Breast cancer has been climbing the ranks in cancer statistics. In 2020, it overtook lung cancer to become the most common cancer worldwide, accounting for 11.7% of all new cancer cases. At the Faculty of Applied Sciences, Associate Professor Tan Tao and colleagues have developed a multimodal data fusion model to help medical professionals assess how breast cancer patients respond to different treatments. This model is particularly effective at predicting pathological complete response (pCR) during the early stages of neoadjuvant treatment.
The research findings, published in Nature Communications, received high praise from experts at institutions such as Barcelona Medical Centre in Spain and New York University’s Grossman School of Medicine in the US. This innovative application of artificial intelligence in oncology sets a new benchmark, especially in predicting responses to neoadjuvant treatment for breast cancer.
Understanding Neoadjuvant Treatment Responses
Breast cancer treatment typically involves a combination of targeted therapy, chemotherapy, radiation, hormone therapy, immunotherapy, and surgery. Neoadjuvant treatment, a common presurgical approach, aims to eliminate cancer cells and shrink tumours. Ideally, it eradicates cancer cells without the need for surgery, leading to a good long-term prognosis with no residual cancer detected in breast tissue, a condition known as pathological complete response (pCR).
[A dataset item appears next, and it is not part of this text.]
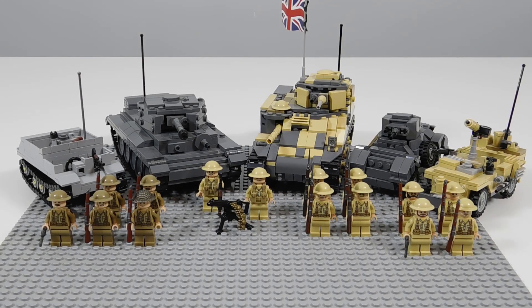Hey, this is Ace Bangler and today we have another army video. This week it is the British Forces, and going right into it we have a total of five vehicles here and 15 figures.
Traditional methods for evaluating treatment effectiveness include repeated imaging tests, biomarker analyses, and pathological examinations, combined with clinical expertise to adjust treatment plans as needed. Current studies often focus on extracting multimodal features, with less attention given to model design and input structures. Some systems concentrate on patient responses at a single point of time or rely heavily on comprehensive, uninterrupted datasets, which may limit their practical feasibility.
Analysing Data Across Treatment Stages
Associate Professor Tan Tao, with a strong interest in AI-assisted medical imaging analysis, collaborates with institutions across the Netherlands and the Chinese mainland, including the Netherlands Cancer Institute, Maastricht University Medical Centre, Radboud University Medical Center, Guangdong Provincial People’s Hospital, and Fujian Provincial Hospital. Together, they have developed the multimodal response prediction system, which integrates diverse medical data, to enhancing the clinical utility of AI in evaluating treatment outcomes.
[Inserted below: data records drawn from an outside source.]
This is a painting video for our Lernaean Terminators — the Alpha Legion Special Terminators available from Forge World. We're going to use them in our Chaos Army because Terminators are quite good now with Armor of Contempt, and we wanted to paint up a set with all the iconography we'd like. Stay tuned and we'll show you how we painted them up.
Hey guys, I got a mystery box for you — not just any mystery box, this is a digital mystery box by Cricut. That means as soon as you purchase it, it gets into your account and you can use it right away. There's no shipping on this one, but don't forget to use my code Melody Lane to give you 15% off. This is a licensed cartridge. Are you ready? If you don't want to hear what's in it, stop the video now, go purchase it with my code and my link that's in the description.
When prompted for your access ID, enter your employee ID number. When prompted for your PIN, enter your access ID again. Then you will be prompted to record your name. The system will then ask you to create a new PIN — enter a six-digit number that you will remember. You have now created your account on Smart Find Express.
This system acts as an AI-powered assistant to oncologists, predicting breast cancer patients’ responses to neoadjuvant therapy. It comprehensively analyses data from pre-, mid-, and post-treatment stages, including personal health indices, histopathological data, mammograms, MRI scans, and treatment specifics. By embedding temporal information, it adds a dynamic dimension to patient indices, aiding doctors in determining the next steps in treatment.
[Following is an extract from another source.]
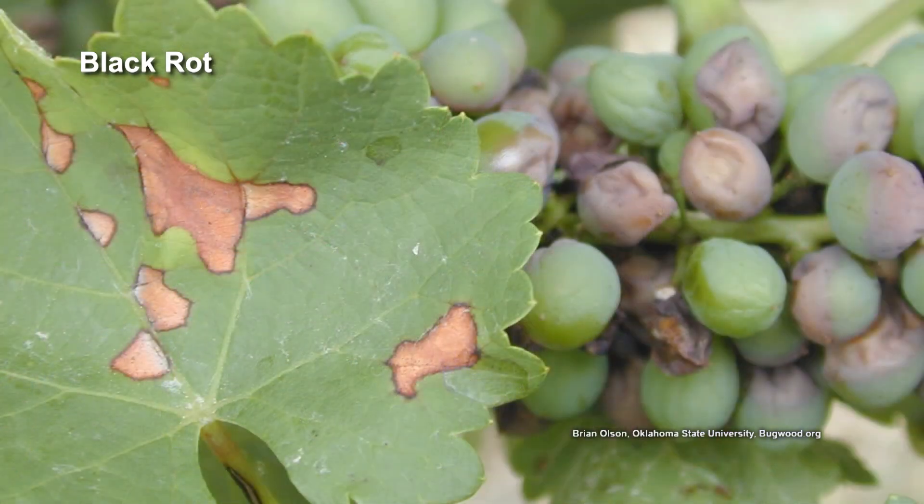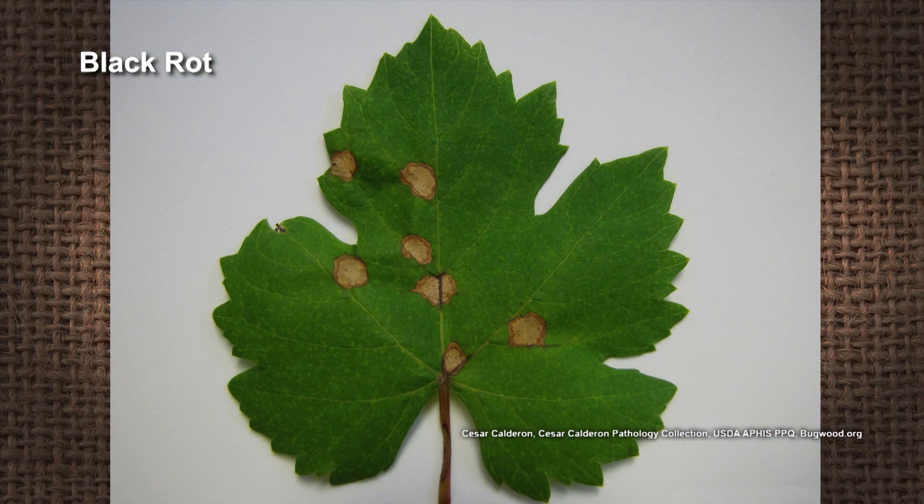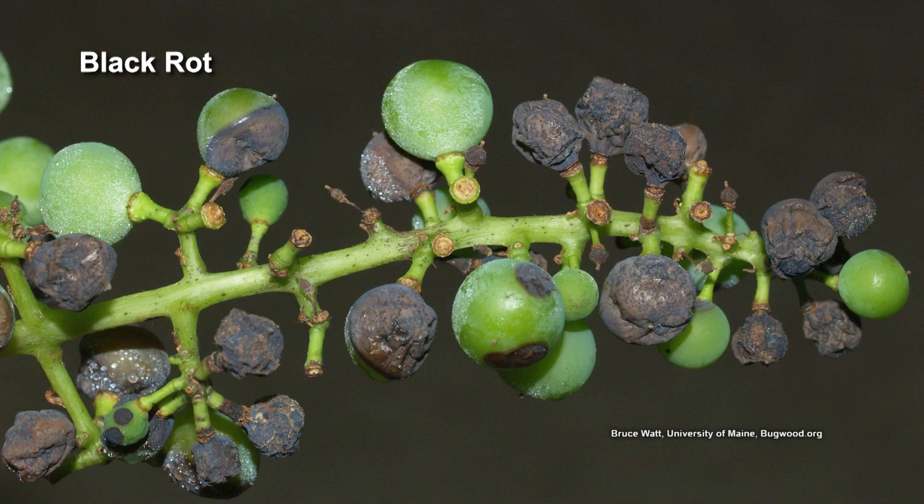I learned that from you. It is devastating, and it has a really pretty copper-colored spot on the leaf, but it really makes that grape shrivels up black and dies. But yeah, you can control it — there are a couple of fungicides, and you need to put it on a spray program.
AI Prediction Compared with Clinical Judgement
This study involved iterative validation using international clinical datasets to enhance the reliability of the model. The model was trained with data from 3,352 breast cancer patients undergoing neoadjuvant treatment at the Netherlands Cancer Institute. These cases covered various molecular subtypes and tumour characteristics to ensure model robustness. Validation was then performed using datasets from Fuzhou University Provincial Hospital in China, Duke University in the US, and the renowned I-SPY 2 clinical trial platform to ensure the adaptability of the model across diverse patient populations.
The prediction model utilises structured information across modalities for deep learning, with flexible input design that enables the compensation of missing information through cross-modal predictions. To test its clinical applicability, the study invited six certified radiologists to analyse cancer case images individually. Comparing the radiologists’ analyses with the results obtained from the system revealed that the system performed well in predicting pCR during the early stages of treatment. The system codes are made available online to support future research.
Advancing Smart Healthcare
Using AI-based analytics during early-stage treatment could enable doctors to gain clinical insights quickly and explore therapeutic options to optimise treatment outcomes. It may also help reduce the need for surgeries as well as the physical and financial burdens on patients. With the high incidence of breast cancer globally, smart technology enables rapid, data-intensive analyses to support precision treatment.
The research team on AI for medical imaging at the Faculty of Applied Sciences continues to collaborate with clinical professionals to refine AI algorithms tailored to real-world medical needs. Their goal is to facilitate clinical services with AI solutions, optimising practical applications with cutting-edge multimodal research and ultimately creating a smart ecosystem in the healthcare industry.